The National currency, the cedi, has once again made global headlines—this time for the wrong reasons. Barely five months after being hailed as the
The National currency, the cedi, has once again made global headlines—this time for the wrong reasons.
Barely five months after being hailed as the world’s best-performing currency, the cedi has plummeted to become the worst performer in Africa, according to a Bloomberg report released this week.
In April 2025, the cedi had surprised global markets by appreciating 16 percent against the US dollar, a rally supported by surging gold prices and tighter monetary policy.
That brief period of strength helped reduce inflationary pressures, with consumer inflation falling to 21.2 percent—the lowest in eight months at the time.

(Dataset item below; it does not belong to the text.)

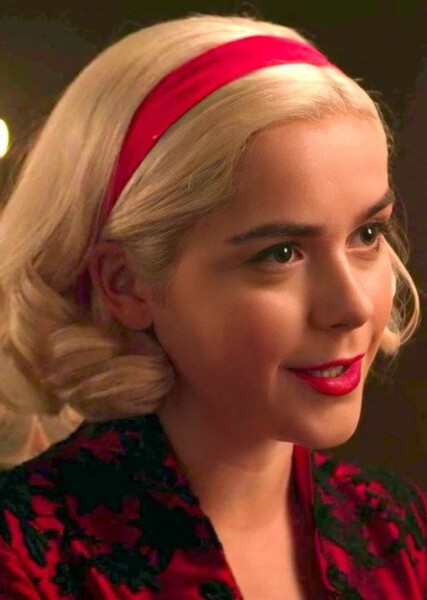Kiernan Shipka photo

Many analysts saw this as a sign of renewed confidence in Ghana’s struggling economy.
However, the tide has shifted drastically. Between July and September, the cedi depreciated by 13.4 percent against the US dollar, the steepest quarterly decline among all tracked currencies worldwide.
The losses erased a significant portion of the 50 percent gains it had recorded earlier in the year, placing Ghana’s currency at the bottom of Bloomberg’s global rankings.
The sharp decline has been attributed mainly to rising demand for foreign exchange by businesses importing goods ahead of the Christmas season. Ghana’s economy is heavily import-dependent, relying on inflows of food, fuel, machinery, and other essentials.
The heightened need for dollars has put enormous pressure on the local currency, especially as the Bank of Ghana has struggled to supply enough forex to meet demand.
Hamza Adam, Head of Market-Risk Management at UMB Bank, confirmed the squeeze.
“Last week, banks that submitted dollar requests on behalf of clients received only half of what they asked for,” he said in an interview from Accra. “This week the central bank is trying to meet all demand, but pressures remain.”
Bloomberg’s data paints a grim picture. In the third quarter of 2025, the Ghanaian cedi fell further than the Ethiopian birr (-4.1%), Chilean peso (-4.3%), Dominican Republic peso (-5.6%), Botswana pula (-7.7%), and even the perpetually unstable Argentine peso (-11.5%).
The cedi, which traded at GH¢11.95 per dollar in early September, was the worst of them all.
Ironically, Ghana’s external reserves had climbed to a three-year high of $11.1 billion by the end of June, offering what should have been a buffer against shocks.
But critics argue that the central bank’s reluctance to release sufficient forex into the market has contributed to the volatility.
The Bank of Ghana, however, insists its priority is to maintain orderly fluctuations.
“The cedi should be stable within a reasonable range,” the central bank said in an emailed response, stressing that interventions must reflect economic fundamentals.
The latest development underscores the fragile state of the economy, which has been battling high inflation, debt restructuring challenges, and an overreliance on commodity exports.
For many businesses and households, the cedi’s renewed weakness means higher costs of goods and services at a time when living standards are already under strain.